Stored data:
[Start of Attachment]

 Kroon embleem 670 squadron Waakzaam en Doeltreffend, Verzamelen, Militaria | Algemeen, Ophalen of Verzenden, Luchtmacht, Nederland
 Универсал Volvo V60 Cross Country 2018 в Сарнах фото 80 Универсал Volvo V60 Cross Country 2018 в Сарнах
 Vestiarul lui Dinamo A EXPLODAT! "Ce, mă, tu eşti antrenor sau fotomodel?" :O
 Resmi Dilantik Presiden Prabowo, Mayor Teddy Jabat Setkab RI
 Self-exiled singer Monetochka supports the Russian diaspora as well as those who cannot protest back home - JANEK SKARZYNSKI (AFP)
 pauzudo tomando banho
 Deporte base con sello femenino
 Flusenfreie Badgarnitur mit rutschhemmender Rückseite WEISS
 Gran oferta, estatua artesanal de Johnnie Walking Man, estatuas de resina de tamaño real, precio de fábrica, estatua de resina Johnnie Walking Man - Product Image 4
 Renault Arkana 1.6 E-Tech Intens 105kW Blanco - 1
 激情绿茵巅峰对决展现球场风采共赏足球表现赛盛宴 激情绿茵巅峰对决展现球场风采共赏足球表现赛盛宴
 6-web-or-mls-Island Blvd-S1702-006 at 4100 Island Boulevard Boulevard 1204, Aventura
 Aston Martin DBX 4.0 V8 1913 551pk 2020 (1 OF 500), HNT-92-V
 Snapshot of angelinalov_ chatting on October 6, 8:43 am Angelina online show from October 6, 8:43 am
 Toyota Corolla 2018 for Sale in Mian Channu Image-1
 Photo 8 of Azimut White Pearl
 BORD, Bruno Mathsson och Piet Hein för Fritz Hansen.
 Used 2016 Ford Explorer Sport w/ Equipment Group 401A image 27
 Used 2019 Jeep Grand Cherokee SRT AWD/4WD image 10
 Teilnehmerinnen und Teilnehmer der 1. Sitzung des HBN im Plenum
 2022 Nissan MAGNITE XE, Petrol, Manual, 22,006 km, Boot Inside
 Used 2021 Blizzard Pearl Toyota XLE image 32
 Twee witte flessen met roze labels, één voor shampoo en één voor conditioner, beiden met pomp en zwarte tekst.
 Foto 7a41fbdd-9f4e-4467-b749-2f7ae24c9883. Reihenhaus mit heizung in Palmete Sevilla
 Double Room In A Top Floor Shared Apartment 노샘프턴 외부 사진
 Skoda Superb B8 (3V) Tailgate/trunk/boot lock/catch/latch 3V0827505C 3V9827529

[End of Attachment]

What is required:
Search the records for the word "Toyota" and copy every line where it occurs.

Answer area:
 Toyota Corolla 2018 for Sale in Mian Channu Image-1
 Used 2021 Blizzard Pearl Toyota XLE image 32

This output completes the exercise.